This is just a note to say that I checked out the newly-expanded Yale University Art Gallery last week, and it is intense! It’s also free; hours are here.
We only had time to prowl through the lobby area–which includes a set of sad, weird gray felt statues inspired by 9/11, and also a playable slot machine which purports to save the world, both of which are more effective as art than I think I’m making them sound–and a couple of the galleries. This place is enormous. It’s also very dramatically-designed. The walls, plinths, and backgrounds are often painted in dark colors like black and dark purple. There’s lots of use of contrast between dark and light background colors, and everything is arranged to give each artwork a lot of breathing space. Everything jumps out at you.
There’s a floor of galleries divided geographically, and arranged roughly chronologically within those divisions. The African art gallery includes a lot of 20th-century pieces, many of which were designed for ritual use, so the museum hung up huge color photographs of the rituals for which these headdresses and masks were created. It’s more immersive than the usual museum experience, but the photos only emphasize how bizarre it is that we’re treating these objects as museum pieces to be viewed and assessed rather than worn and used. Then I prowled through the European galleries–they have a lot of 13th-century art there, by the way–and felt the funhouse-mirror version of the alienation provoked by the African art galleries, since here the art of my own religion was being presented under glass. The reliquary had, I think, been emptied of its relics. The art was repurposed to instruct not the faithful but the cultured.

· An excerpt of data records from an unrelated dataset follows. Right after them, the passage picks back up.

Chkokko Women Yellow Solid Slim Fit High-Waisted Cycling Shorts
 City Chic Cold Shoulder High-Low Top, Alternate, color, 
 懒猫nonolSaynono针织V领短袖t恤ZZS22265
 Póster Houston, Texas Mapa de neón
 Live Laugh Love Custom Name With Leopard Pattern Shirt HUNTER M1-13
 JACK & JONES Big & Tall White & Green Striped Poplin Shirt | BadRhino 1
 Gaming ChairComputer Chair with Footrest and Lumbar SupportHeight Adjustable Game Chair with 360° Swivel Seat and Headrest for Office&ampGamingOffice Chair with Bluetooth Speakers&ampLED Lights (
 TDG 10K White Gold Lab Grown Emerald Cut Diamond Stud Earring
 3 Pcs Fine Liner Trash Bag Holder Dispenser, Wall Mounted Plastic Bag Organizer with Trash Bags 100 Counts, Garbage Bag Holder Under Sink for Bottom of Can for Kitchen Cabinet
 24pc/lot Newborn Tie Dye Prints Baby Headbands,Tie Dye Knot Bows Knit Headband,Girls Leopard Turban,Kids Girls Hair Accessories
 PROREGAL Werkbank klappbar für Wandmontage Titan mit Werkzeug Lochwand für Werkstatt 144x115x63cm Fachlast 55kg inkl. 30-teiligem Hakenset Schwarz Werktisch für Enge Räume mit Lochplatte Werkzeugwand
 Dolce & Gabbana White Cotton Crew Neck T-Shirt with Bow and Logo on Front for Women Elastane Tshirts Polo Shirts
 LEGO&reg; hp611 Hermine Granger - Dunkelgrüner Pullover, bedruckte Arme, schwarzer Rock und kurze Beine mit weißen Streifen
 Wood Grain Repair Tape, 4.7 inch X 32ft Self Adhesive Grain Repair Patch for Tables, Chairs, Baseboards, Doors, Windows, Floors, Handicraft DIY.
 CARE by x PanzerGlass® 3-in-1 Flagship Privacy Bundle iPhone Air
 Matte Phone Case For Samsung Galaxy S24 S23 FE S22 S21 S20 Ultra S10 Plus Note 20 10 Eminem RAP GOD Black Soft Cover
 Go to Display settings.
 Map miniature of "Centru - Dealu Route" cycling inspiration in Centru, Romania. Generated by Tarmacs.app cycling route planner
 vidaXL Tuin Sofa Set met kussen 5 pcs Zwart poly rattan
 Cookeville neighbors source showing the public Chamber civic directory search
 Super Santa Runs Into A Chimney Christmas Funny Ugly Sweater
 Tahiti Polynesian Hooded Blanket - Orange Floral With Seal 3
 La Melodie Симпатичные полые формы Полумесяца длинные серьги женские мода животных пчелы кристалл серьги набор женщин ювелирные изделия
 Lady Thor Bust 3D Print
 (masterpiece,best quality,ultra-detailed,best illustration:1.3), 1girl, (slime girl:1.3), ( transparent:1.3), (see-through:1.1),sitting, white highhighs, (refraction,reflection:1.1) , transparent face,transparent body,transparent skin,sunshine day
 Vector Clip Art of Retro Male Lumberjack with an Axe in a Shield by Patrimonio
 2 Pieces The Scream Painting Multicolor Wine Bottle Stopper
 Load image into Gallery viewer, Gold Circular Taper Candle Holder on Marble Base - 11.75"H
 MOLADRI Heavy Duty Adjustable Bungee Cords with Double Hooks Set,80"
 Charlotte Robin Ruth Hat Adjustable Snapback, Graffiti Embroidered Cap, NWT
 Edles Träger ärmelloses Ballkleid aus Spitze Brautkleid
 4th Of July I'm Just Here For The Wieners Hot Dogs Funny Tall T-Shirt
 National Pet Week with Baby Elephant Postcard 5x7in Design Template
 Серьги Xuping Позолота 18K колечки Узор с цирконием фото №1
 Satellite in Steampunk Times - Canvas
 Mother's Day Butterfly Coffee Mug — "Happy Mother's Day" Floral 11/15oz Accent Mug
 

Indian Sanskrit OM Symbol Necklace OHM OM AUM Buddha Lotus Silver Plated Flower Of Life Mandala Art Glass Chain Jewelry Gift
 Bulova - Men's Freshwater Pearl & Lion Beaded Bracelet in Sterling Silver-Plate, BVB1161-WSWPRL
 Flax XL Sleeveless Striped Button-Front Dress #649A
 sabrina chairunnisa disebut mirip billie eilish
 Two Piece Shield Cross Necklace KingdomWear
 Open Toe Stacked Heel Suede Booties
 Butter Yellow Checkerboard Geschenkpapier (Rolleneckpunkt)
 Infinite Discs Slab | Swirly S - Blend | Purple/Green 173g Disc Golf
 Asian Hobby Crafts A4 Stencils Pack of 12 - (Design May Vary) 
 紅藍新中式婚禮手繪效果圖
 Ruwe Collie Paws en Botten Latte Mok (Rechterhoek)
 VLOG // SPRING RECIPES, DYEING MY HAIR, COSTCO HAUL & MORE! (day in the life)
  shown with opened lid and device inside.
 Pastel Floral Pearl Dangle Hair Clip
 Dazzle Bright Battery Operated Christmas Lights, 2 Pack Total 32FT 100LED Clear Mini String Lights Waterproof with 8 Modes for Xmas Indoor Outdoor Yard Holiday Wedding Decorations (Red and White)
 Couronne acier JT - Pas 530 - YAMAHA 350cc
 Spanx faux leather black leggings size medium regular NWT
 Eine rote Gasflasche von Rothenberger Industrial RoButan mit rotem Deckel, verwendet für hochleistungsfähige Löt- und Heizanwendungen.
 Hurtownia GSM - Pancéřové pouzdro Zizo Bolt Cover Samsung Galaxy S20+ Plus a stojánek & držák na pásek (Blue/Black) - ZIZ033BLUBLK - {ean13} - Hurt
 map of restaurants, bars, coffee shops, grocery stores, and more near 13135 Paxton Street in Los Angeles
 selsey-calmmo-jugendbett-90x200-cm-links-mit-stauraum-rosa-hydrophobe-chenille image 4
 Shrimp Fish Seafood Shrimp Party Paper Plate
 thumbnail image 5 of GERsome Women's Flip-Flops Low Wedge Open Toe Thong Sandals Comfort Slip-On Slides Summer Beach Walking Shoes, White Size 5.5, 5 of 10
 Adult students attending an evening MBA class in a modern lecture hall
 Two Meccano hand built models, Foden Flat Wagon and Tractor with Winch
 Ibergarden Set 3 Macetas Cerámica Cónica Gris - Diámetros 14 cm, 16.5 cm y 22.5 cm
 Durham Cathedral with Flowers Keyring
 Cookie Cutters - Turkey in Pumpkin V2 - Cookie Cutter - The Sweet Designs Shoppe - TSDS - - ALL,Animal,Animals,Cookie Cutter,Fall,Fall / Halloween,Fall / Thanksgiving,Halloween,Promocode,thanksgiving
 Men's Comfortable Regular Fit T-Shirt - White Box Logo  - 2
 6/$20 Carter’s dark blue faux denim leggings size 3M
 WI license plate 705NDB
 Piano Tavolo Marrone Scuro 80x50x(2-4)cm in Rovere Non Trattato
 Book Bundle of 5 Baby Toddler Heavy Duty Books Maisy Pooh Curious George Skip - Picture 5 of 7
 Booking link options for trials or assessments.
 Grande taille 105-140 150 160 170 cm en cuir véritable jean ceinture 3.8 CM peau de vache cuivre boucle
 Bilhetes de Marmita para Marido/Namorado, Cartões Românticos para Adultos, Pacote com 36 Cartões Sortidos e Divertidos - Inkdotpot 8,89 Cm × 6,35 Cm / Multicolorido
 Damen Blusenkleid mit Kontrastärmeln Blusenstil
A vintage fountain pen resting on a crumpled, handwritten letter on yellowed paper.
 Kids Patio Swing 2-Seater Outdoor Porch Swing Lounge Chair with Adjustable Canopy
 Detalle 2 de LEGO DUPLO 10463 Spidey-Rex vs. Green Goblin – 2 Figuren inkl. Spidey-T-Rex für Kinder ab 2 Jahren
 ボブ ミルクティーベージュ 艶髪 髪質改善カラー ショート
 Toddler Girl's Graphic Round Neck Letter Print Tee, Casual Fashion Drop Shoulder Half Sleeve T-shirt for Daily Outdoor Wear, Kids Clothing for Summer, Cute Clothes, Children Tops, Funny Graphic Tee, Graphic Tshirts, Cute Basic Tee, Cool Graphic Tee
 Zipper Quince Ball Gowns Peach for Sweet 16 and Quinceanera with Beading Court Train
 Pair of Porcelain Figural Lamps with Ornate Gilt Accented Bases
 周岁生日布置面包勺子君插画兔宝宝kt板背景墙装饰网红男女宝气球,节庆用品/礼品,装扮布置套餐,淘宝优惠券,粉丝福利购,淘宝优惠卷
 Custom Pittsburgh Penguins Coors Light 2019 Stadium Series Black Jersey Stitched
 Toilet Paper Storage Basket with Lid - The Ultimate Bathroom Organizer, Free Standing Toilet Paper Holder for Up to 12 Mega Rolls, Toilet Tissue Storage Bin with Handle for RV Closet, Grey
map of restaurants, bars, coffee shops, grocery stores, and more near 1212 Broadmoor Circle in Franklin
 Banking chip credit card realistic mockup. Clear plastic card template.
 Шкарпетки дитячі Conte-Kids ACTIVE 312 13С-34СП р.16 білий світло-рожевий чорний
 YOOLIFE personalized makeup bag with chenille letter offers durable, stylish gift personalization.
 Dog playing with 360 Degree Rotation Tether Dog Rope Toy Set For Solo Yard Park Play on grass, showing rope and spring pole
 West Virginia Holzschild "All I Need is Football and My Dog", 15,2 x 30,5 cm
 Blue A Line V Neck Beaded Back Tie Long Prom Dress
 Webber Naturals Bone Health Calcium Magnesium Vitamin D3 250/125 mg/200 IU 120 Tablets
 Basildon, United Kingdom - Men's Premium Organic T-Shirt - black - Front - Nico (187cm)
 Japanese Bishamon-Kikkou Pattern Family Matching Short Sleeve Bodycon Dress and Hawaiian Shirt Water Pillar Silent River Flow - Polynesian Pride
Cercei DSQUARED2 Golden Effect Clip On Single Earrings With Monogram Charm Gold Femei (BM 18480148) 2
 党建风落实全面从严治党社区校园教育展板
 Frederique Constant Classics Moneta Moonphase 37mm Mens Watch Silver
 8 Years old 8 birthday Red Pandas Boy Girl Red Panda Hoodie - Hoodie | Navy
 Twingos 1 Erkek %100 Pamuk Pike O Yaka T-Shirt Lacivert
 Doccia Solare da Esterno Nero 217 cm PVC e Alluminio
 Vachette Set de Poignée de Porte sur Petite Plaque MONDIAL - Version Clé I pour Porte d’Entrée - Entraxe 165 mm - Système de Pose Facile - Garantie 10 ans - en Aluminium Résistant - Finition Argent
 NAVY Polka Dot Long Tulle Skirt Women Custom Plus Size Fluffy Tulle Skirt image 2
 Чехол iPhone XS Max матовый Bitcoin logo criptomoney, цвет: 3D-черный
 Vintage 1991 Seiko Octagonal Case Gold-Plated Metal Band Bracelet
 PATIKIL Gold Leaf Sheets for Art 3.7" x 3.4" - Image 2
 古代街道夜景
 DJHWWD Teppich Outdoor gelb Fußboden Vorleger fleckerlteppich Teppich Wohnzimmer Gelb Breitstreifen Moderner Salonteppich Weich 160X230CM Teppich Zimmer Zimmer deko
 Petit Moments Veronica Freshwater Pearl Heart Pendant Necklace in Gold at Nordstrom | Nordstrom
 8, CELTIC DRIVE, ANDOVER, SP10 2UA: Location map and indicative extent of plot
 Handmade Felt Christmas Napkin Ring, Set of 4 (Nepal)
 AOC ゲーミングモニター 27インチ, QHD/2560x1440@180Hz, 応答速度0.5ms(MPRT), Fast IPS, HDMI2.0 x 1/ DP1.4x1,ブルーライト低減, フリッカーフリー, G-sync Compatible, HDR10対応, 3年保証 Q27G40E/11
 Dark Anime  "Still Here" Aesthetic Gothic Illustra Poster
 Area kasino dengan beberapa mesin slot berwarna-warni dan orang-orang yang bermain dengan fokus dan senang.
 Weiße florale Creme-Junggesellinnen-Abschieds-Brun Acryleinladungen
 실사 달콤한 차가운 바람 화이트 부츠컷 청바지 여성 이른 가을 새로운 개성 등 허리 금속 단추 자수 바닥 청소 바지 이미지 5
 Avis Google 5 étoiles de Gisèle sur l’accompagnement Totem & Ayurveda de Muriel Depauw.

An art museum is such an aggressively modernist place to be: so organized, so cordoned-off, so explanatory and resolutely curious yet weirdly untouched by the art it presents. They’re pristine places and after a while you stop liking them, I think. (I hope!) I wrote about religious museum weirdness here. The new Yale art gallery is a fantastic, thoughtful, even exhilarating example of what a museum of its kind can be. I hugely recommend it! But a vivid and exciting museum is still, in the end, just a museum.



Great descriptive piece, Eve, but, while I don’t know about anyone else what sounds like the grandiosity here strikes me as sort of funny. After all judging from their statements, manifestos and etc. it might be thought that the entire project of modernist artists right from their start some 100 years or so ago was to … de-mythologize art. To bring it down to “real”; to the street; and above all to de-heroisize it.
And yet, what sort of place does that Mt. Olympus of modernist thought build to display it? Some warm, inviting, humble, homey, modest, human-sized walk-through space where the lowest prole would feel comfortable strolling, perhaps with his work-boots still on?
Nope. “Enormous,” “dramatic,” “pristine,” where … “everything jumps out at you.” (So as tell the cognoscenti from the rubes by seeing who displays that subtle, nervous, tell-tale widening dart-of-the-eyes bit of intimidation at the surprise of same.)
And what of the art within it? Well, not coincidentally at all it might be imagined the place is “weirdly untouched” by it. Almost as if the mavens and designers and artists and art administrators responsible for it are saying “forget all that blather we put out about being down with the proletariat and plebs and the gritty, and forget especially all that anti-heroic stuff; *this* is the sort of place where of course our labor belongs.”
So look up in wonder, ye mere mortals. Here be art.